Introduction

When I worked in Alibaba Cloud PolarDB-X team, I tried to design a distributed read-write lock for its DDL execution engine. The lock is used to ensure that only one DDL can be executed at the same time. I wasn't realized that there are so many things to consider when designing read-write lock, and I learned a lot from this experience.

Code can be found here

Background

PolarDB-X is a distributed database inspired by MySQL. It features a distributed DDL execution engine to handle DDL operations across its nodes. These operations are managed by a leader node, which either executes them directly or delegates them to other nodes. DDL operations can be paused, resumed, and run in parallel, necessitating a robust distributed lock system to prevent simultaneous modifications on the same table.

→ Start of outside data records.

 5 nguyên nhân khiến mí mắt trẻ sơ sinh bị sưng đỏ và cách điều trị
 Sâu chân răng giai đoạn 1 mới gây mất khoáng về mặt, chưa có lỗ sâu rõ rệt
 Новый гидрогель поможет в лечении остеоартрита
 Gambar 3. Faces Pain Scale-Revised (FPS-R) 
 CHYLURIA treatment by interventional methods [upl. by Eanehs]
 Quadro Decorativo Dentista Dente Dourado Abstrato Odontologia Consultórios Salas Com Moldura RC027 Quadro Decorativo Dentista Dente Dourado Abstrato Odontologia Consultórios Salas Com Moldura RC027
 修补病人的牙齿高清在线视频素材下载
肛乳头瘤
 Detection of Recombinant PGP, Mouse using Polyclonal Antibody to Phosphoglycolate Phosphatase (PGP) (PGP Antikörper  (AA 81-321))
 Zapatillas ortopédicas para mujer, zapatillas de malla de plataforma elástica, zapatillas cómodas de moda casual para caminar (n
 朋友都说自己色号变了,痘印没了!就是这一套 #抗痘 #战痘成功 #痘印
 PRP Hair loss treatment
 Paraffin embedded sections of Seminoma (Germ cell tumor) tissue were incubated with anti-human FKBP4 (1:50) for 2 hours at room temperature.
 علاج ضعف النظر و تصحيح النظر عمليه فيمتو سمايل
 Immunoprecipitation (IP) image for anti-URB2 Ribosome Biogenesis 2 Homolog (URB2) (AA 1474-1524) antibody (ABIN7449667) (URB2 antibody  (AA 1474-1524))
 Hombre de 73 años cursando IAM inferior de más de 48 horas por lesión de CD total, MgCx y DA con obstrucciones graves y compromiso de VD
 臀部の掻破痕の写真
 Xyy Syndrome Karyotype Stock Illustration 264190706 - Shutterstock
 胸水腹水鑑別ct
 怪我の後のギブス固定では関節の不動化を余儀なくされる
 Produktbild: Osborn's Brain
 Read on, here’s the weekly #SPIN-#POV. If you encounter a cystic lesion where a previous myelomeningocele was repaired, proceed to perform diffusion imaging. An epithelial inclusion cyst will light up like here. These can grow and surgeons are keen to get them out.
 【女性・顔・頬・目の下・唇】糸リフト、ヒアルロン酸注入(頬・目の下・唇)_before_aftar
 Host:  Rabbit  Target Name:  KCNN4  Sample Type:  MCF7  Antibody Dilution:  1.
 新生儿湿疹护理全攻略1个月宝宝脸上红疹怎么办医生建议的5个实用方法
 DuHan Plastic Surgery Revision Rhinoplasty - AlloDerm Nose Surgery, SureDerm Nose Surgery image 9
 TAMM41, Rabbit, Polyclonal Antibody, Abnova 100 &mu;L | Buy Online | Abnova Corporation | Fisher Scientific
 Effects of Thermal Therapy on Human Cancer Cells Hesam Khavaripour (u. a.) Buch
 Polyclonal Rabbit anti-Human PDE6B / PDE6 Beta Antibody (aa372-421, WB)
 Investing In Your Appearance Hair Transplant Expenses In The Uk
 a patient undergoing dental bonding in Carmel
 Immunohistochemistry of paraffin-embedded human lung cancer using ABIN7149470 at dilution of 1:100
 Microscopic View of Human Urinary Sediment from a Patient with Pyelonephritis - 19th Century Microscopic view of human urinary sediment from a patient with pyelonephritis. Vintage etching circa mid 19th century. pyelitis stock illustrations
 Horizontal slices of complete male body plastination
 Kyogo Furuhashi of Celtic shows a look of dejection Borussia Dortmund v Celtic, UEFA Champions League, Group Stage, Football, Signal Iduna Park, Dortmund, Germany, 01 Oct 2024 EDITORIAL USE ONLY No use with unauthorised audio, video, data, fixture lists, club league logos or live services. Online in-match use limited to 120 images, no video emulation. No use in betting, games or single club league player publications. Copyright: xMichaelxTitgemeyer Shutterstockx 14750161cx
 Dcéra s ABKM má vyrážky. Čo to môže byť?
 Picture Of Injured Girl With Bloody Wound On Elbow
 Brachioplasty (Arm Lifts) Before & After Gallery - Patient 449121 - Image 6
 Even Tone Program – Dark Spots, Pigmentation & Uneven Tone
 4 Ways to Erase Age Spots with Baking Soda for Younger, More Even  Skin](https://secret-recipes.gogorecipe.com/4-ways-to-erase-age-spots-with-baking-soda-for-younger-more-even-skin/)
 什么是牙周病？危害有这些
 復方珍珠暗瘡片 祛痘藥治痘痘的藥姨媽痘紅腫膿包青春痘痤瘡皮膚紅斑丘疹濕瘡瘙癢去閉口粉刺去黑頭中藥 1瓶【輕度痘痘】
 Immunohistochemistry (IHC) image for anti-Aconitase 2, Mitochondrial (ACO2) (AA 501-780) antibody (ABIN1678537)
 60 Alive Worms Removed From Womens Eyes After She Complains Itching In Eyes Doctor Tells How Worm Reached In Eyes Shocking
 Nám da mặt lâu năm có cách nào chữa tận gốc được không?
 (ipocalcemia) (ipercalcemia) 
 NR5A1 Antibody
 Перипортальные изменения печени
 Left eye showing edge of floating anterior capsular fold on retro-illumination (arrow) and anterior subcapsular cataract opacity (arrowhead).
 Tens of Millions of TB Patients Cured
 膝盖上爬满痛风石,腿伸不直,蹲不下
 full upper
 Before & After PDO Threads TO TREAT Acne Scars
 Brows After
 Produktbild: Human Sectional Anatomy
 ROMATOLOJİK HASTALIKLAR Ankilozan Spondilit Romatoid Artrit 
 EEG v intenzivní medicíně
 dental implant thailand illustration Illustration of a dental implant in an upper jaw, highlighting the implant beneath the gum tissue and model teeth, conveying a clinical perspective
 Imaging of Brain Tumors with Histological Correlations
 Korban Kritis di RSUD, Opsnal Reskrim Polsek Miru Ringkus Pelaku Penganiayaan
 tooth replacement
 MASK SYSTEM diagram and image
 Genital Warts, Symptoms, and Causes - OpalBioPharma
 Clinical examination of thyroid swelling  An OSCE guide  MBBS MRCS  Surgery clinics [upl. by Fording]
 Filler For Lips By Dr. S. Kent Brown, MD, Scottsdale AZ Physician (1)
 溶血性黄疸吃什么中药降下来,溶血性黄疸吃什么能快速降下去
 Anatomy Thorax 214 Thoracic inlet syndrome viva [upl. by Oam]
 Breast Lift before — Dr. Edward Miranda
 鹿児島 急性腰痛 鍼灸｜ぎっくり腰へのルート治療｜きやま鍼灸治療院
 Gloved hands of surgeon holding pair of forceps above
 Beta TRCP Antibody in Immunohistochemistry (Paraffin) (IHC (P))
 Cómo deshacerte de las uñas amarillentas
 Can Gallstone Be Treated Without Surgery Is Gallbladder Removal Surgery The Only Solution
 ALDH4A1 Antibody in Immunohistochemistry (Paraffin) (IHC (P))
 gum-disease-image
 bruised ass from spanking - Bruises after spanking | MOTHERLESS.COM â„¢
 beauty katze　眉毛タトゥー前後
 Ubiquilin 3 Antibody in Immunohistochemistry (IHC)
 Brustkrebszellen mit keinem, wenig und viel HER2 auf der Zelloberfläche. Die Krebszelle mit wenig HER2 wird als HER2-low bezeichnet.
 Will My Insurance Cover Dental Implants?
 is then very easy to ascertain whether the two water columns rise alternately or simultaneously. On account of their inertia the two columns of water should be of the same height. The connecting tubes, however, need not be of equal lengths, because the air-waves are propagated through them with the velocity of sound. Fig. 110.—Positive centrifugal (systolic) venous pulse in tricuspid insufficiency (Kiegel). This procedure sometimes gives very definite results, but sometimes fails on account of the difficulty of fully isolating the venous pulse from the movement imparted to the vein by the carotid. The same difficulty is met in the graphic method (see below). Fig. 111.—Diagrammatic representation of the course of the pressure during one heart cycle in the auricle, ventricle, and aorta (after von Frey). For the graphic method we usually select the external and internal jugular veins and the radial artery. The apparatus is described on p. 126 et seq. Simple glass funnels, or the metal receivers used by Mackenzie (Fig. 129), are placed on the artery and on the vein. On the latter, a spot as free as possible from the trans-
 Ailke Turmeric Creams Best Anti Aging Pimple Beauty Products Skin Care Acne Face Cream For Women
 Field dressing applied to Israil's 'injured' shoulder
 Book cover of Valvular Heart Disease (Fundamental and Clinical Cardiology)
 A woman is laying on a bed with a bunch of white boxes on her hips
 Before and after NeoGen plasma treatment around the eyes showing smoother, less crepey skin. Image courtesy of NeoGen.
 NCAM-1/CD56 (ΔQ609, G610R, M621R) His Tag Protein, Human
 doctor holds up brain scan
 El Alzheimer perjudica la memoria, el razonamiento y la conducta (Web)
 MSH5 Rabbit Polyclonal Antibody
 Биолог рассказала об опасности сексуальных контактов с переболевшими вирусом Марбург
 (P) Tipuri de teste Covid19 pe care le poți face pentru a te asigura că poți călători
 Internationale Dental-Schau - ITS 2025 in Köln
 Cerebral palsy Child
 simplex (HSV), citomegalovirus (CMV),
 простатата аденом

Functionality Considerations

All DDLs in Polardb-X are executed asynchronously, and can be paused and resumed. Users can track the status of a DDL using a JobId. It means, Unlike MySQL, DDLs' lifecycle is not bounded with a single connection, it's bounded with a JobId. So the lock should be persistent, and it should be released when the DDL is finished. Since Polardb-X is a distributed database, the lock should be distributed. I realized that I need a Linearizable storage to implement the lock. But I didn't want to introduce a new dependency, so I used Polardb-X itself as the storage.

The lock should serve read and write operations, and read operations are more frequent than write operations. So obviously, I need a read-write lock. I love reentrant locks, because they are easy to use. Impicit lock upgrade is also a good feature, so I decided to support them too.

Since the lock is used only for DDLs, it's not necessary to implement lock fairness.

API Interface Considerations

Polardb-X will generate a plan for each DDL before executing it. The plan contains all the locks that the DDL needs to acquire. So I decided not to implement deadlock detection, instead, I implemented a batch tryLock interface, which can try to acquire all the locks after the plan is generated. It's more efficient than try to acquire each lock one by one, and it also can avoid deadlock.

The lock should be released when the DDL is finished, so I didn't implement lock timeout.

Performance Considerations

When multiple locks are needed for a DDL, the system attempts to acquire them all at once. A failure to do so leads to a retry, reminiscent of a spin lock, which is not the most resource-efficient. I considered a futex-like solution that would allow a thread to sleep upon failure and wake once the lock becomes available.

However, my aim was to keep the system simple, so I chose not to implement this mechanism despite its potential to enhance performance.